The answer must repeat every record exactly, with all pictures omitted.

--- EXERCISE INPUT Enclosed Below ---

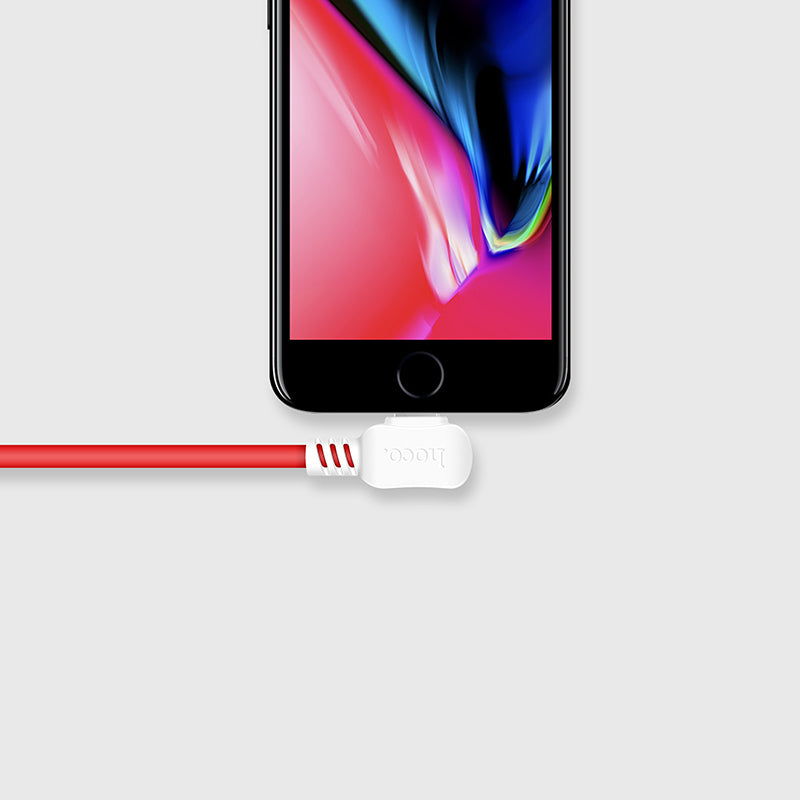 Cable «X19 Enjoy» charging data Lightning 90 degrees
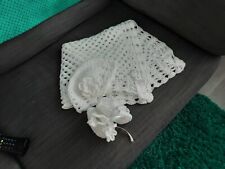 Handmade baby shawl for sale  SUTTON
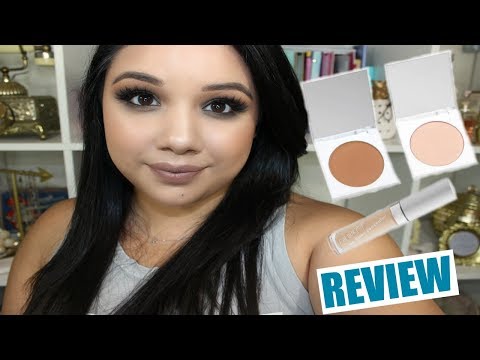 NEW Colourpop Concealer + Bronzer + Highlight + Brushes // Review + Demo Video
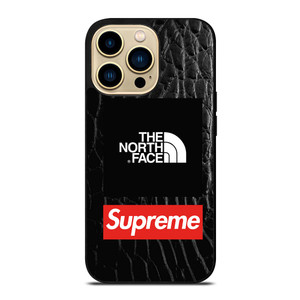 SUPREME X THE NORTH FACE LEATHER iPhone 14 Pro Max Case SUPREME X THE NORTH FACE LEATHER iPhone 14 Pro Max Case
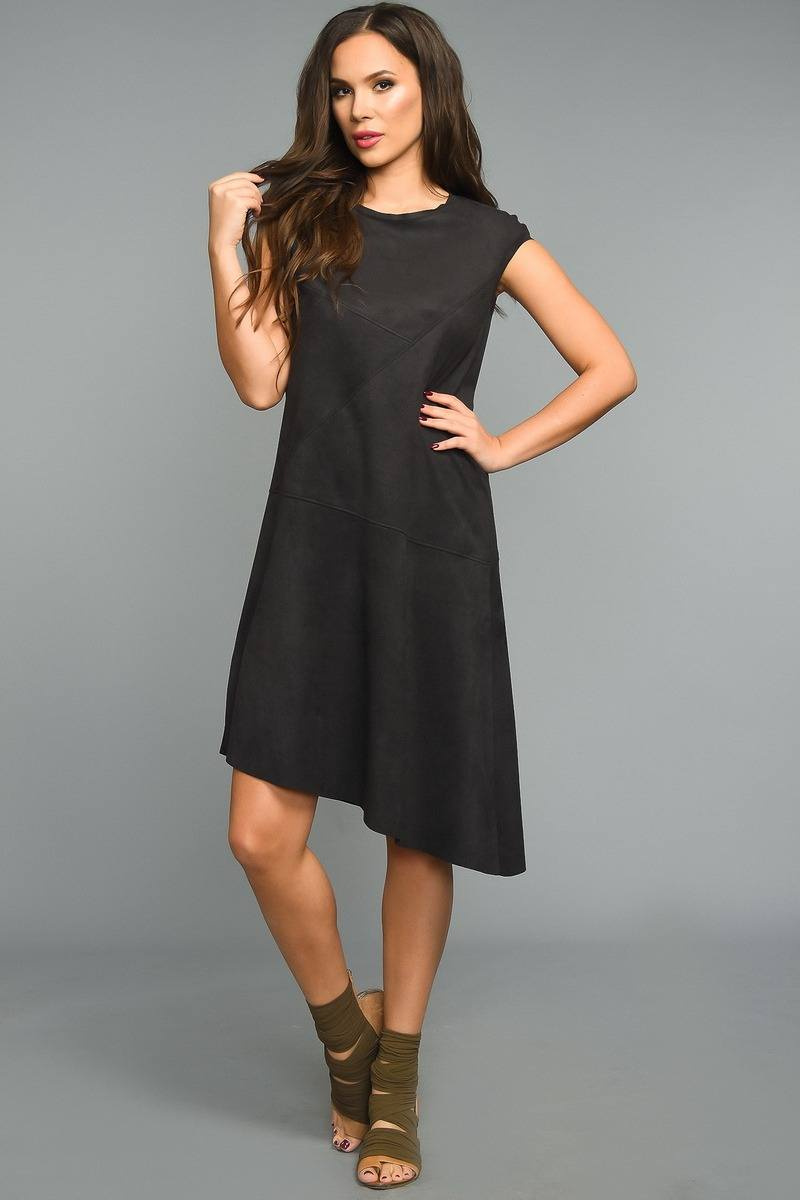Платье Teffi Style L-1321 черный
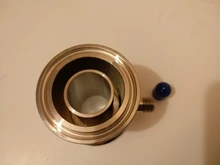 Distillation Reflux Column Rectification-Module Sanitary Steel-304 Od50.5mm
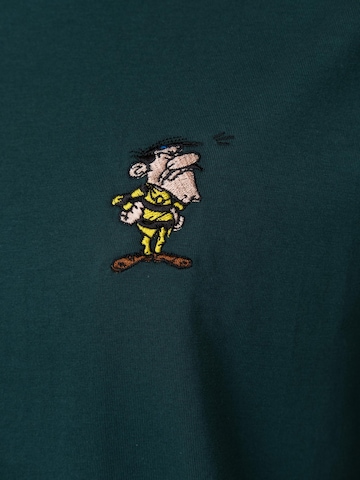 Bavarian Caps Shirt 'T-Shirt "Grantler Klub: Joe Dalton" - dunkelgrün'‌‌‌‌‌‌‌‌‌‌ in Grün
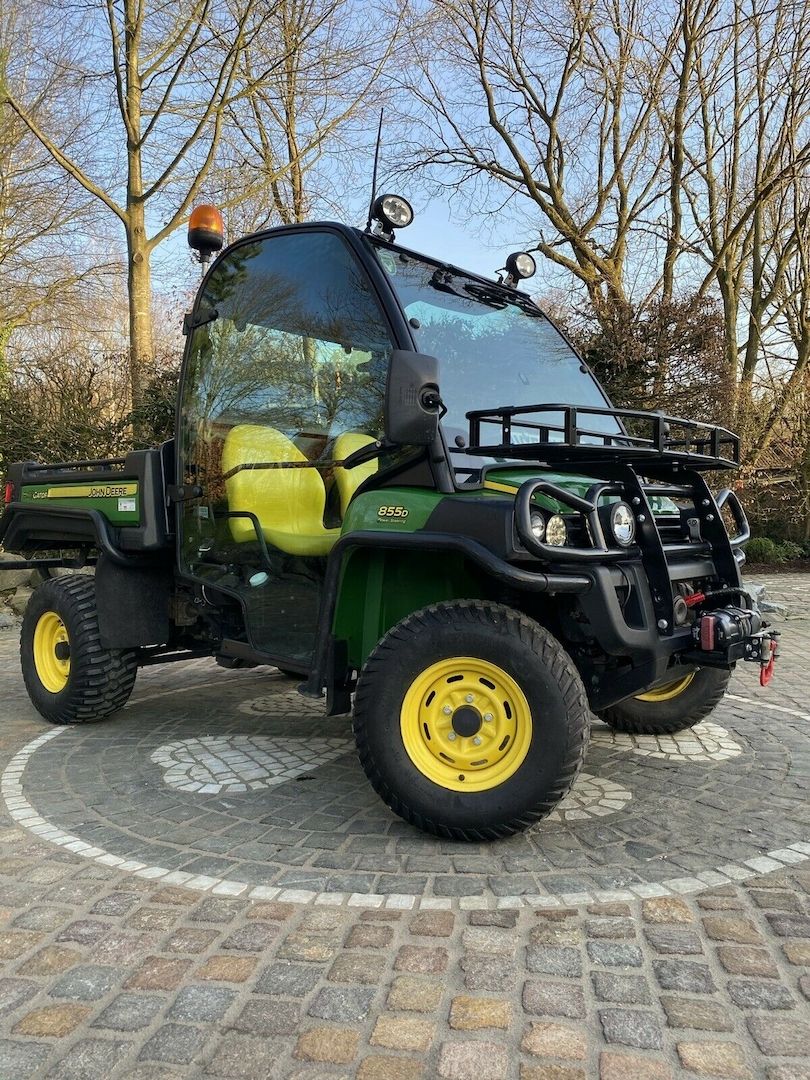 john deere gator xuv 855D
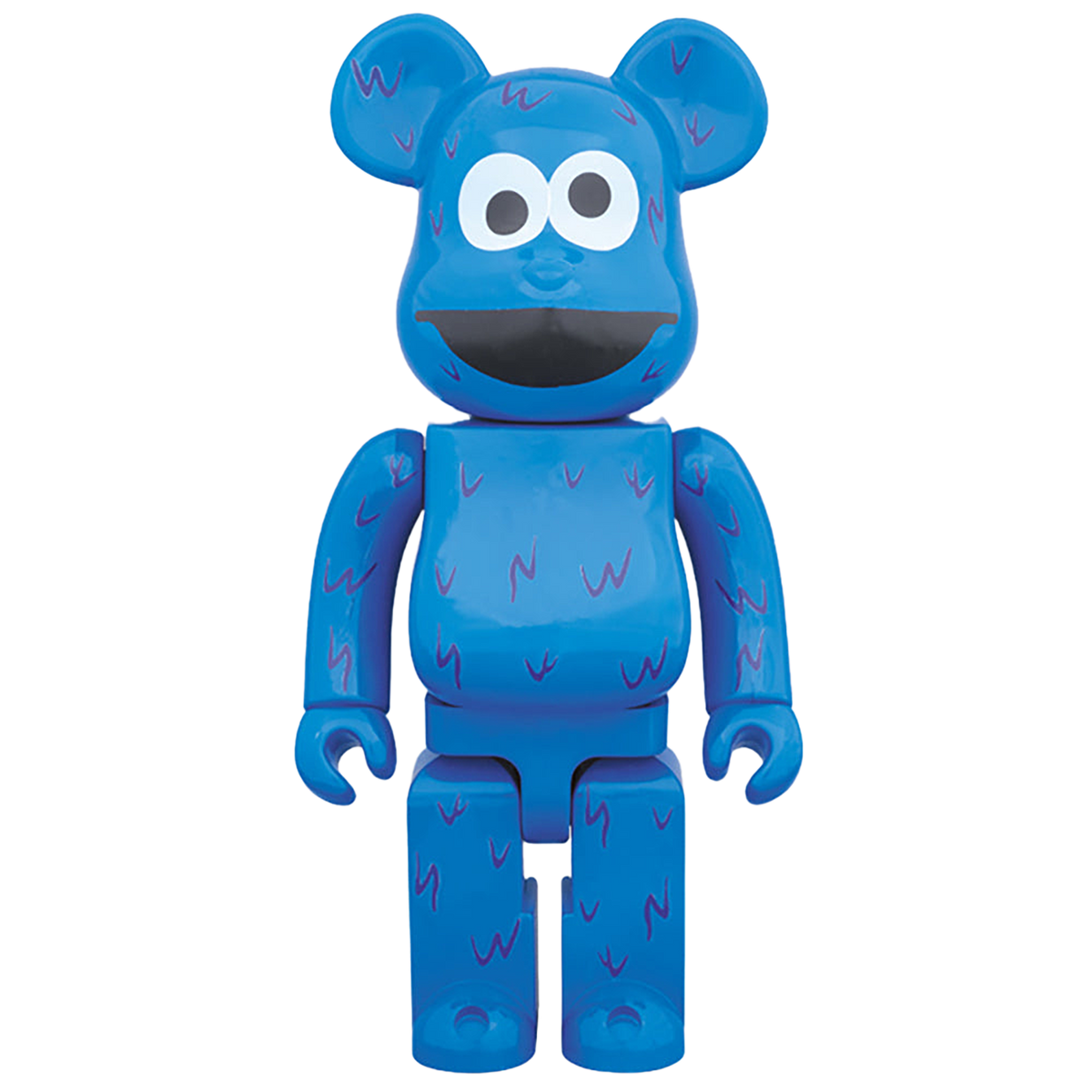 BE@RBRICK COOKIE MONSTER 400％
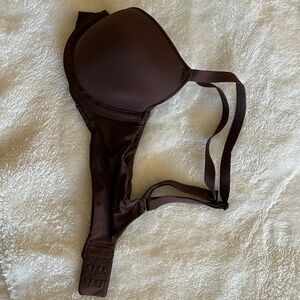 SKIMS Brown Underwire Bra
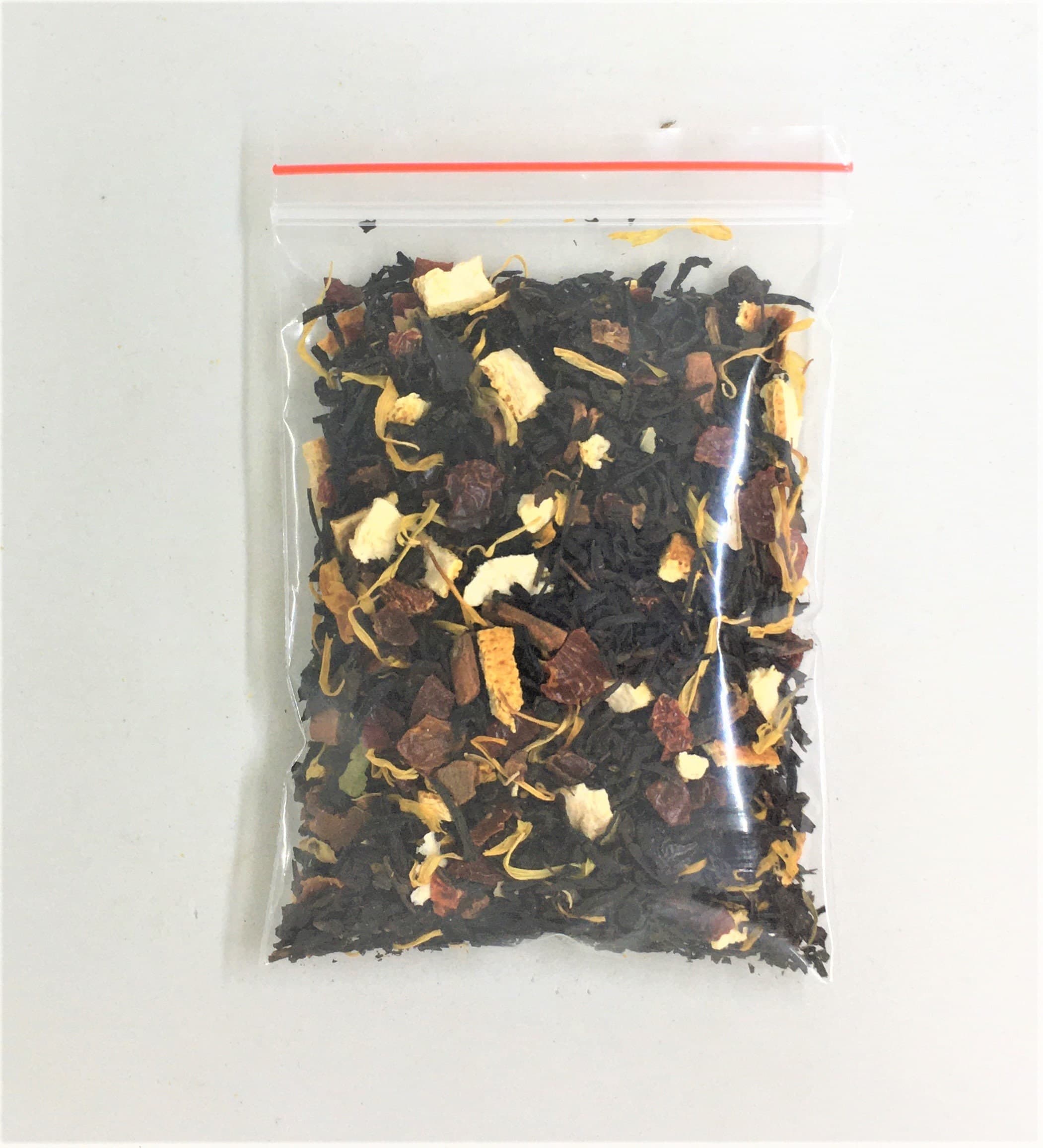 Ambrosia Tea, Blends of Apricot, Black Current, Mango, Rose Hips, Orange Peels, Cinnamon, Premium Quality - image 3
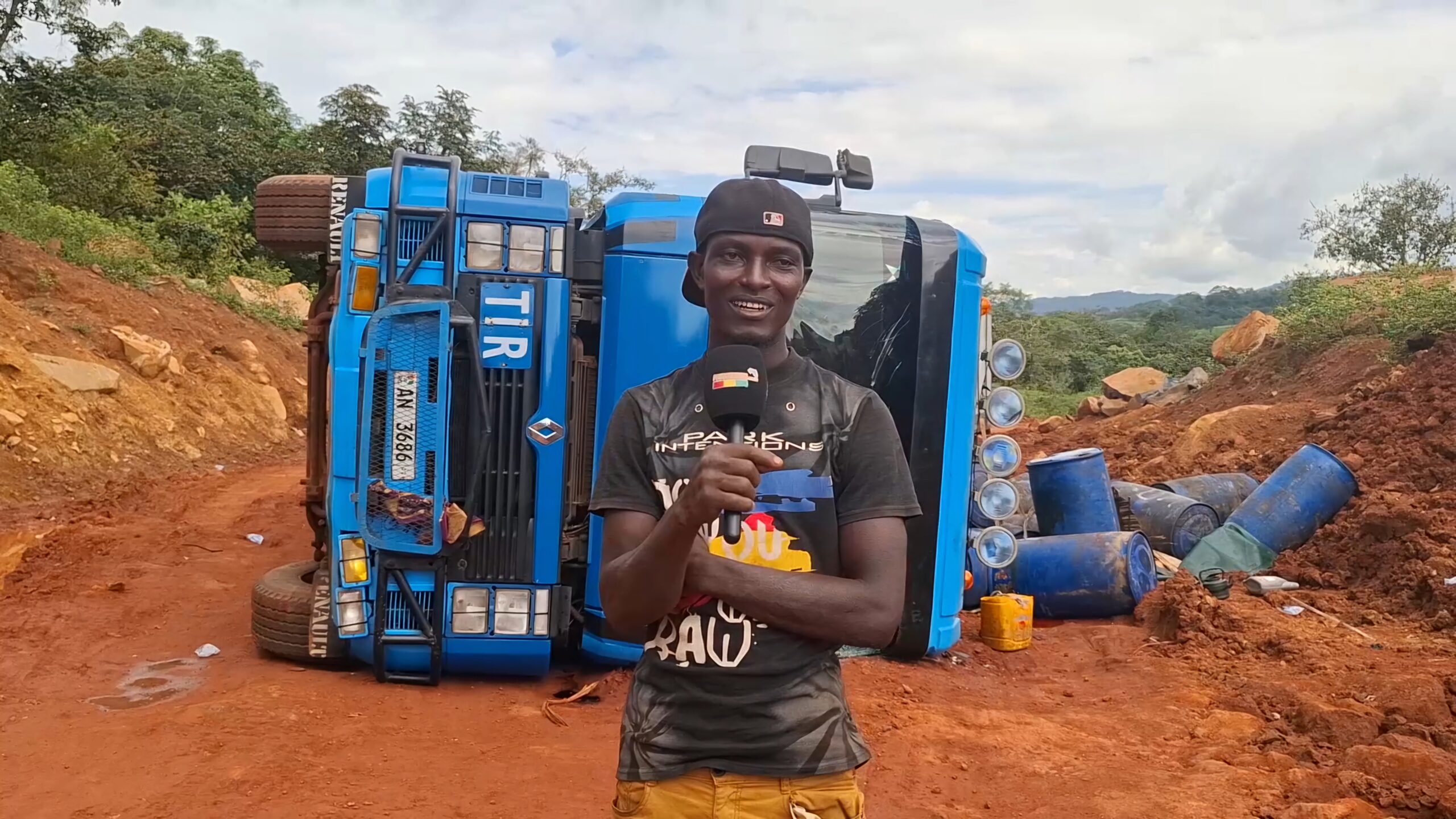 Labé-Koundara-Sénégal : la route de tous les dangers pour les usagers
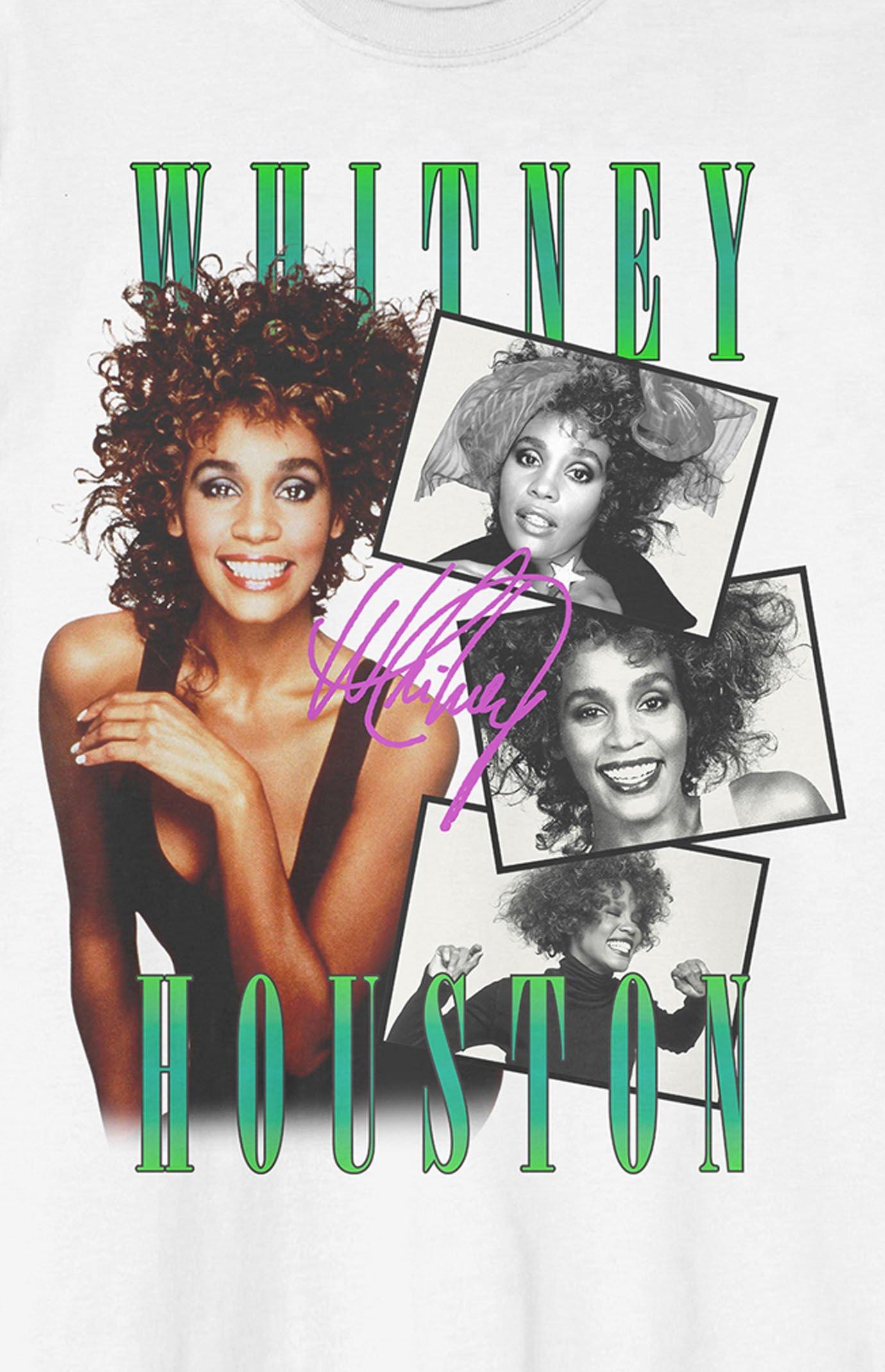 Men's Whitney Houston Moment of Truth T-Shirt Product Image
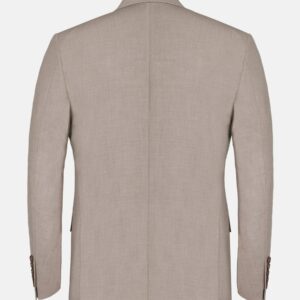 Alternative view of Araya Peak Lapel single breast Beige Suit Blazer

--- End of Enclosed EXERCISE INPUT ---

- **YOUR SOLUTION**
 Cable «X19 Enjoy» charging data Lightning 90 degrees
 Handmade baby shawl for sale  SUTTON
 NEW Colourpop Concealer + Bronzer + Highlight + Brushes // Review + Demo Video
 SUPREME X THE NORTH FACE LEATHER iPhone 14 Pro Max Case SUPREME X THE NORTH FACE LEATHER iPhone 14 Pro Max Case
Платье Teffi Style L-1321 черный
 Distillation Reflux Column Rectification-Module Sanitary Steel-304 Od50.5mm
 Bavarian Caps Shirt 'T-Shirt "Grantler Klub: Joe Dalton" - dunkelgrün'‌‌‌‌‌‌‌‌‌‌ in Grün
 john deere gator xuv 855D
 BE@RBRICK COOKIE MONSTER 400％
 SKIMS Brown Underwire Bra
 Ambrosia Tea, Blends of Apricot, Black Current, Mango, Rose Hips, Orange Peels, Cinnamon, Premium Quality - image 3
 Labé-Koundara-Sénégal : la route de tous les dangers pour les usagers
 Men's Whitney Houston Moment of Truth T-Shirt Product Image
 Alternative view of Araya Peak Lapel single breast Beige Suit Blazer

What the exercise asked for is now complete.